When Red Star Tavern bartender Brandon Lockman names his cocktail creations, he says the titling of the drinks usually involve a historical search. “I wanted to do a tea-based cocktail for winter, different from the Hot Toddy direction, and research pointed me in the direction of whiskey being a good partner,” he says about his tea-and-cider cocktail, Shen Hong’s Elixir. “I stumbled upon the origins of tea being credited to Shen Nong (or Shennong), a mythical Chinese emperor. He is generally looked upon as the father of Chinese medicine, and apparently died of a toxic herb overdose while experimenting.”
Avoiding the dangers of a potential tea overdose, the Portland, Oregon, bar’s lead mixologist added cider to his elixir. “The addition of apples — a softer sweetener — eventually fell into place because they allow the tea and whiskey to take centerstage,” he adds. “I’ve worked with apple and whiskey before and like how they complement each other without one overwhelming the other. When you add enough tea, it stretches the two out — creating a nice, soft harmony. One flavor doesn’t stand out or overpower the rest.”
In this recipe, Lockman says the cider enhances the overall drink, doubling down on the apple flavor and a tad more alcohol. “Ciders are becoming more and more flavorful, though sometimes they get a reputation of being too sweet,” he says about using cider in mixed drinks. “So, using it as a cocktail ingredient just made sense.”

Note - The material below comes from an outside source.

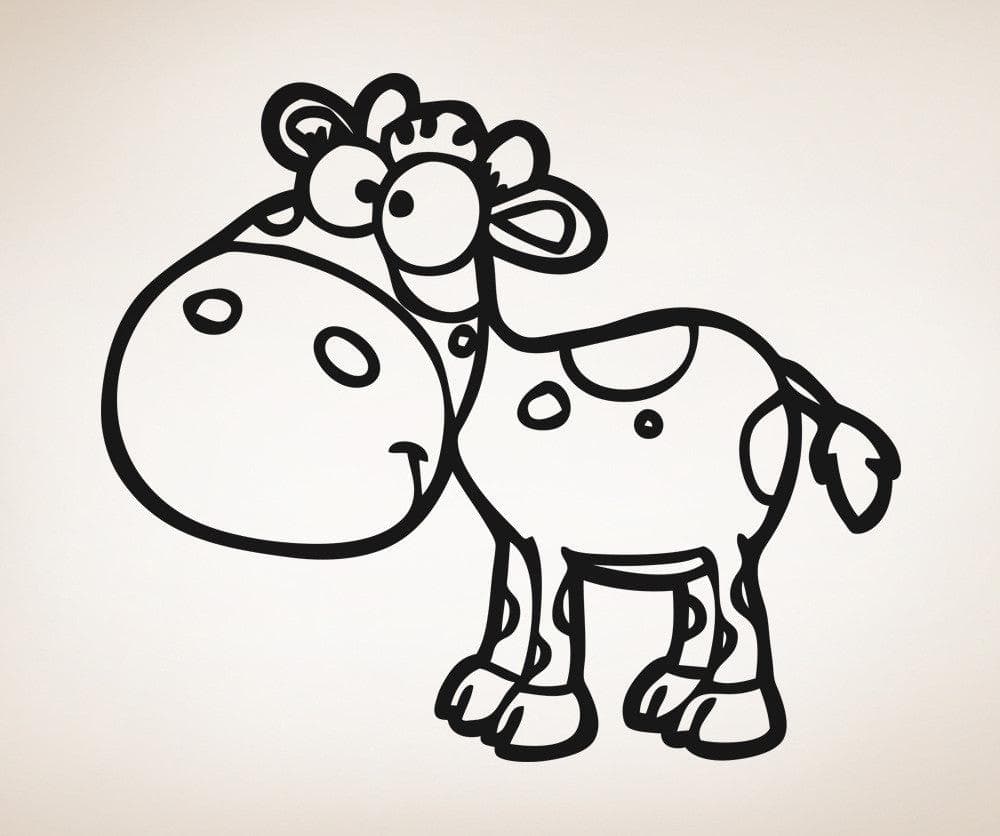 Vinyl Wall Decal Sticker - Adorable Cow Design #OS_AA611 - Perfect for Nursery, Kids Room, and Farmhouse Decor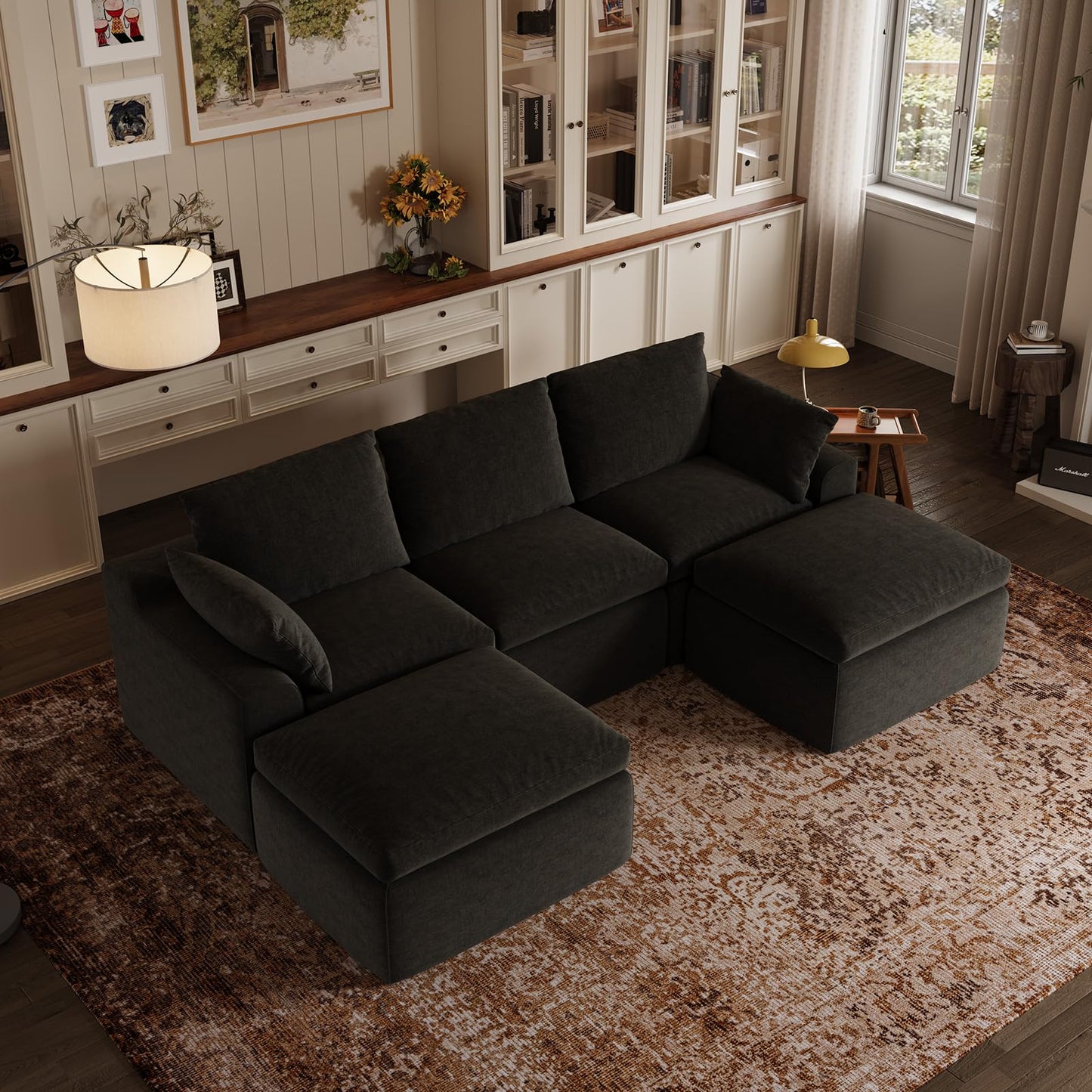Novilla 104.3" Modular Cloud Couch, Modern Sectional Sofa with Smarts Coil® Support, Chenille Fabric, Upholstered Couch for Living Room Apartments Bedroom, No Assembly, 3 Seater + 2 Ottoman, Dark Grey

He recommends using a dry cider for this libation, featuring fellow Oregonian Double Mountain Brewery’s Dry cider behind his bar. A ferment of Newtown Pippins and other cider-centric apple varieties grown on the producer’s estate orchard in the Hood River Valley, Double Mountain’s cider is aromatic and dry, melding with the floral components of the jasmine green tea and vanilla of the bourbon.
Shen Nong’s Elixir
Makes 1 cocktail
1½ ounces steeped jasmine tea
1 ounce bourbon
½ ounce agave syrup
1 ounce Double Mountain Brewery Dry
Garnish: apple wheel
In a mixing tin, shake the first three ingredients with ice and strain into a tall glass. Top with the cider and stir to incorporate. Garnish with an apple wheel.